Four layers of scaling work in concert: HPA scales pods, VPA rightsizes pod resources, Cluster Autoscaler / Karpenter scales nodes, KEDA scales based on event sources. Used together, they form an elastic system. Misused, they fight each other.

The four scalers

ScalerScalesTriggerStatus
HPA (HorizontalPodAutoscaler)Pod replicasCPU, memory, custom metricsGA
VPA (VerticalPodAutoscaler)Pod resources (requests/limits)Historical usageBeta
Cluster Autoscaler (CA)NodesPending pods (unschedulable)GA
KarpenterNodesPending pods (direct provisioning)GA
KEDAPod replicas (via HPA)External event sources (Kafka, SQS, cron, etc.)GA
                          ┌─────────────────┐
                          │   Application   │
                          │   traffic       │
                          └────────┬────────┘
                                   │
        ┌──────────────────────────┼──────────────────────────┐
        │                          │                          │
        ▼                          ▼                          ▼
   ┌─────────┐              ┌─────────────┐            ┌─────────────┐
   │   HPA   │              │  Cluster    │            │    KEDA    │
   │  more   │              │  Autoscaler │            │  scale on  │
   │  pods   │              │  / Karpenter│            │  events    │
   └────┬────┘              └──────┬──────┘            └──────┬──────┘
        │                         │                          │
        │      Pending pods      │      Schedulable         │
        │ ◄──────────────────────┤      capacity            │
        │                         │      changes             │
        ▼                         ▼                          ▼
   ┌─────────────────────────────────────────────────────────────┐
   │                          Cluster                            │
   │                                                             │
   │   ┌─────────┐  ┌─────────┐  ┌─────────┐  ┌─────────┐        │
   │   │  Pod    │  │  Pod    │  │  Pod    │  │  Pod    │        │
   │   └─────────┘  └─────────┘  └─────────┘  └─────────┘        │
   │                                                             │
   │   ┌────────────┐           ┌────────────┐                   │
   │   │   Node 1   │           │   Node 2   │                   │
   │   └────────────┘           └────────────┘                   │
   └─────────────────────────────────────────────────────────────┘

VPA is the orthogonal one: it doesn’t change pod count, it changes the resources requested/limited on each pod.

HPA — Horizontal Pod Autoscaler

HPA scales the number of pod replicas in a Deployment, StatefulSet, ReplicaSet, or ReplicationController. It uses the Metrics API to get resource usage, then computes the desired replica count.

The algorithm

desiredReplicas = ceil(currentReplicas * currentMetricValue / desiredMetricValue)

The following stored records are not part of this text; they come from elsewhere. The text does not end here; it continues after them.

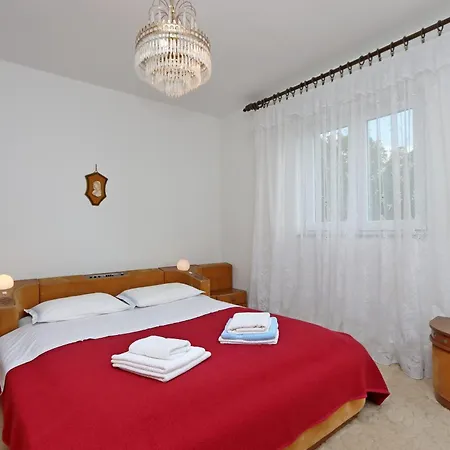 Διαμέρισμα With Parking Space Smrika, Kraljevica - 5508 Šmrika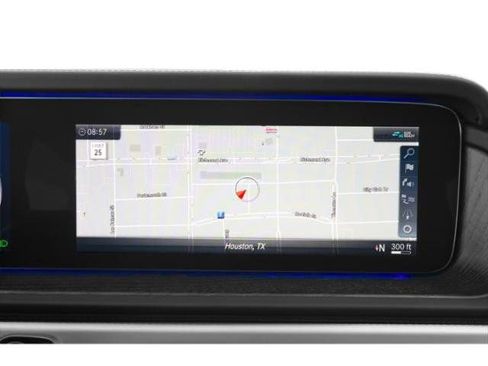 Used 2025 Mercedes-Benz G 550 image 16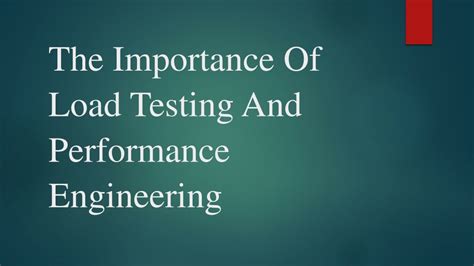 Image result for Load Testing in Software Engineering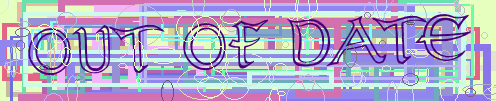 an image containing 5 letters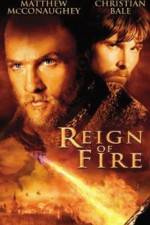 Reign of Fire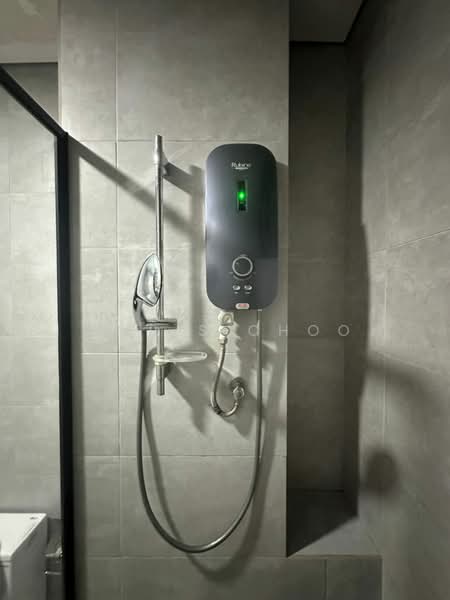 Servis Apartment untuk Disewa di Cubic Botanical - Chris Choo - PropertyGuru.com.my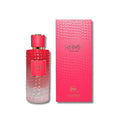 Bharara Mast Perfume Rome Pour Femme EDP (W) / 100ml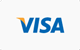 SIIS accepts VISA Card
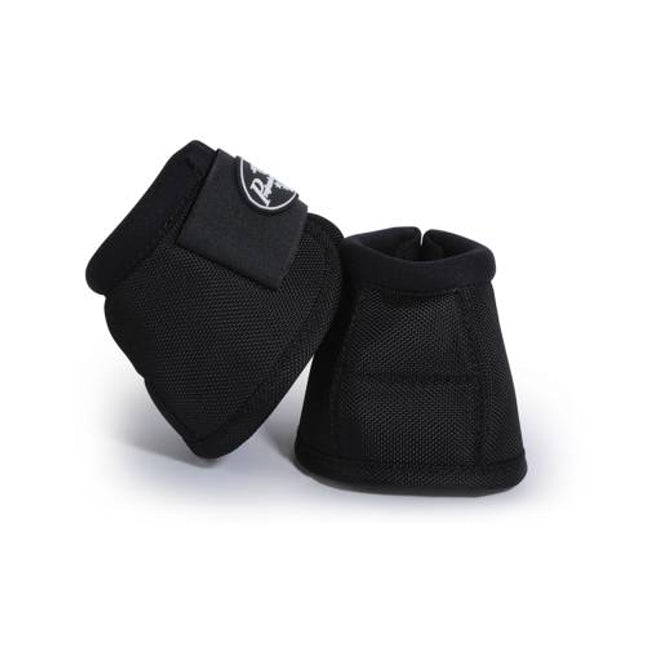 Ballistic Overreach Boots Black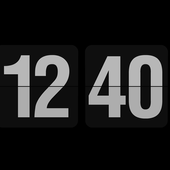 Clock Widget icon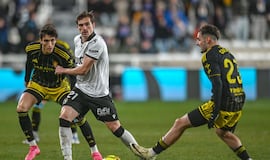 Burgos - Zaragoza en directo: LaLiga Hypermotion hoy, en vivo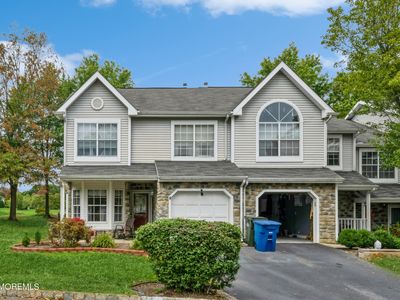 1 Woodchuck Court, Tinton Falls, NJ, 07753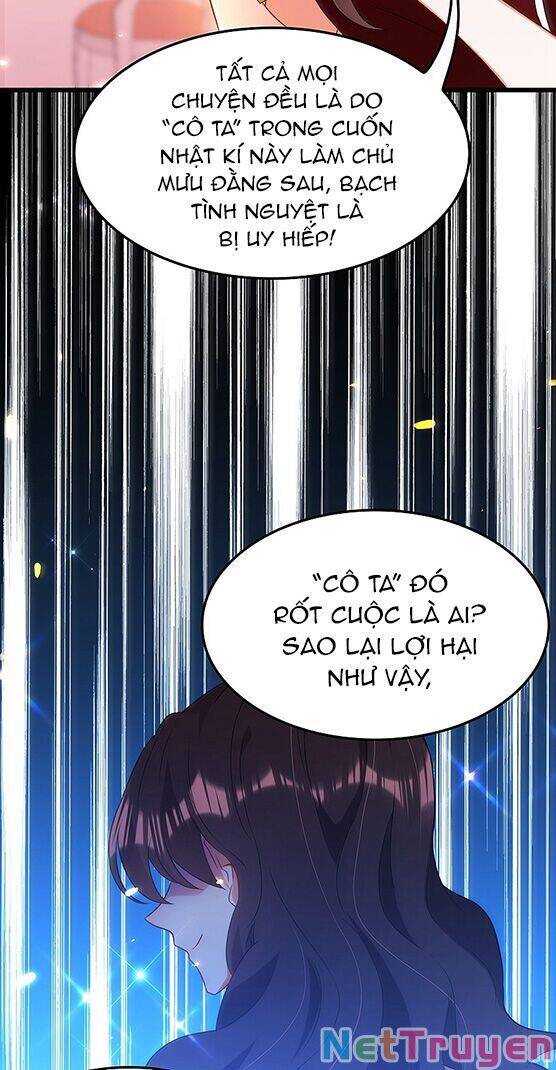 Trùng Sinh Không Gian: Cô Vợ Hào Môn Nóng Bỏng Không Dễ Chọc Chapter 143 - Trang 2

With targetMetricValue: 70 (target 70% CPU), currentReplicas: 4, currentMetricValue: 90 (90% CPU):

desiredReplicas = ceil(4 * 90 / 70) = ceil(5.14) = 6

Cap at maxReplicas. Floor at minReplicas.

Basic HPA

apiVersion: autoscaling/v2
kind: HorizontalPodAutoscaler
metadata:
  name: web-hpa
spec:
  scaleTargetRef:
    apiVersion: apps/v1
    kind: Deployment
    name: web
  minReplicas: 2
  maxReplicas: 20
  metrics:
  - type: Resource
    resource:
      name: cpu
      target:
        type: Utilization
        averageUtilization: 70
  behavior:
    scaleDown:
      stabilizationWindowSeconds: 300   # wait 5min before scaling down
    scaleUp:
      stabilizationWindowSeconds: 0     # scale up immediately
      policies:
      - type: Percent
        value: 100                        # can double
        periodSeconds: 60

What HPA needs

  1. metrics-server (for CPU/memory) — most clusters have this.
  2. Pod resource requests — HPA computes utilization as usage / request. If requests are missing, the math doesn’t work.
  3. Custom metrics adapter (for non-CPU/memory) — Prometheus Adapter, KEDA, etc.
# verify HPA can read metrics
kubectl get hpa web-hpa
# NAME      REFERENCE          TARGETS   MINPODS   MAXPODS   REPLICAS   AGE
# web-hpa   Deployment/web     45%/70%   2         20        4          1h
 
# if "TARGETS" is "<unknown>/70%", metrics-server isn't working

Common HPA mistakes

  1. No resource requests set on pods. HPA needs requests.cpu to compute utilization.
  2. CPU-only scaling for a memory-bound app. Profile your app; scale on the right metric.
  3. Aggressive scale-up + slow scale-down = flapping. Set stabilizationWindowSeconds to dampen.
  4. HPA + VPA on CPU/memory = conflict. Don’t run both on the same metric.
  5. Scaling a StatefulSet with persistent volumes. Each replica might need its own PV. HPA works but PV allocation needs to scale with it.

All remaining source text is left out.